### DESCRIPTION OF THE TASK
Search the material for lines containing the word "Girls", and copy each one.

[RECORD EXTRACTS Boundary: Start]

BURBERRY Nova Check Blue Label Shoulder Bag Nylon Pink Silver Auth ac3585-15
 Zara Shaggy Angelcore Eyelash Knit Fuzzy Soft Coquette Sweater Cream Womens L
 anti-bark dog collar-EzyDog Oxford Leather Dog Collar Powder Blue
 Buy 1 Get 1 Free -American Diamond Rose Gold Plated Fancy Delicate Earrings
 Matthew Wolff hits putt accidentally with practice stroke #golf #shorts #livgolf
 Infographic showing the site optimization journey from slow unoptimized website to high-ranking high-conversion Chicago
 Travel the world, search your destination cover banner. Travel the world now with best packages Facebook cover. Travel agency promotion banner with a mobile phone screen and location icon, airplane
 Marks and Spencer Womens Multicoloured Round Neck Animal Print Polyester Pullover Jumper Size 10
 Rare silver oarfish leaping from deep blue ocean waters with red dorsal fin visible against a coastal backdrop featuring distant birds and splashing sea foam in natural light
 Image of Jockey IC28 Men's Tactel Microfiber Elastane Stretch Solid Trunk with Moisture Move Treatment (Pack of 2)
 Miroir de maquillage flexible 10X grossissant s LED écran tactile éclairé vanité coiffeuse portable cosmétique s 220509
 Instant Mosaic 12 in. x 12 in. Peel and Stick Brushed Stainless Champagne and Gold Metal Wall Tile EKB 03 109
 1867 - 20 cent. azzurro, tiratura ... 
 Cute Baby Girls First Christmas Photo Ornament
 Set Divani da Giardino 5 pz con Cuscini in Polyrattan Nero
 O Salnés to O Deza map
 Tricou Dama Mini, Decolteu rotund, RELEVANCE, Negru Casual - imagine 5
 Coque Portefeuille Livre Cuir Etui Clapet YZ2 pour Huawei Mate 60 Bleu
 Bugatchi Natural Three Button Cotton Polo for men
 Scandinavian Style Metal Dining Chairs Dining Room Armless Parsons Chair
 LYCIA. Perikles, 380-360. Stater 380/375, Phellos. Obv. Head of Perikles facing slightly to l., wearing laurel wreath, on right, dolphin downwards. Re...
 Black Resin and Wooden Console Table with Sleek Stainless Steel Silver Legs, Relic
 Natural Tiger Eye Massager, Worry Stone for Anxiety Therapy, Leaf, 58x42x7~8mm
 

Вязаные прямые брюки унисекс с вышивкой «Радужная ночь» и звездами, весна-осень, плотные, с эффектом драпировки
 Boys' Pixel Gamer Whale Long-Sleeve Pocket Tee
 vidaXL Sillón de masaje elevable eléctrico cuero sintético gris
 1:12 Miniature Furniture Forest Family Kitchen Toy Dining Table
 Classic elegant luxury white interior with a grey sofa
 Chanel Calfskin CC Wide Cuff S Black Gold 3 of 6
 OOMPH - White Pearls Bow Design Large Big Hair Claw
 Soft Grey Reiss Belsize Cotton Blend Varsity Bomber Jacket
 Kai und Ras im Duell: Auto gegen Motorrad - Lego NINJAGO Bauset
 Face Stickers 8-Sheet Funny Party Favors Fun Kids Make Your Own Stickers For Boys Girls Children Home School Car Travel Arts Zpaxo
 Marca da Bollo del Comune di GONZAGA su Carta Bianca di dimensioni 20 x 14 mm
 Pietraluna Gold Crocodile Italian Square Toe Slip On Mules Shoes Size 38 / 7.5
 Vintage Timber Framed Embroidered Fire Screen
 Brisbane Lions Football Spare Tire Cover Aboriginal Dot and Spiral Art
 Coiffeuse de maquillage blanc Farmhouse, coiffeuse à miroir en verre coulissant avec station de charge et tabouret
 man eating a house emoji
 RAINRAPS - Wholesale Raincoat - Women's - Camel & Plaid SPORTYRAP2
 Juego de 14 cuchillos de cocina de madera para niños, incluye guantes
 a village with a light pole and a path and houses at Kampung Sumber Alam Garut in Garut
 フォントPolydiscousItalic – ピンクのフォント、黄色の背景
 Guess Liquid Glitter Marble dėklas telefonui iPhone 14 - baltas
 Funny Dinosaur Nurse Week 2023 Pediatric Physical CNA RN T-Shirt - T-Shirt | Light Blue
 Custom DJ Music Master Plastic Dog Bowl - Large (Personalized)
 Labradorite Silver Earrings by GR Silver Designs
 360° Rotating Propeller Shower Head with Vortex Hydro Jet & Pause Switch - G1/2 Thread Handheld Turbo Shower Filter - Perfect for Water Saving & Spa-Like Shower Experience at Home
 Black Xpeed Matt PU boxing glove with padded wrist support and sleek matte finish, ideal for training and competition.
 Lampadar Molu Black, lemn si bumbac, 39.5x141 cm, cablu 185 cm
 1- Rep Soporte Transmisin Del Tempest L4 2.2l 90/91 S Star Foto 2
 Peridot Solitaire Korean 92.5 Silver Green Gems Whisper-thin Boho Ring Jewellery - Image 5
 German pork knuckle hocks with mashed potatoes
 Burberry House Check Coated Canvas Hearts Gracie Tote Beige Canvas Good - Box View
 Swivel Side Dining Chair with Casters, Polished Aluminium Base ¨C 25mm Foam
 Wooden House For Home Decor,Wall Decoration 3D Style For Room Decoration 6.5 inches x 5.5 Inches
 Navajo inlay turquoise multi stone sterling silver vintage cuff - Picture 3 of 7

[RECORD EXTRACTS Boundary: End]

### RESPONSE TO THIS EXERCISE
 Cute Baby Girls First Christmas Photo Ornament
 Face Stickers 8-Sheet Funny Party Favors Fun Kids Make Your Own Stickers For Boys Girls Children Home School Car Travel Arts Zpaxo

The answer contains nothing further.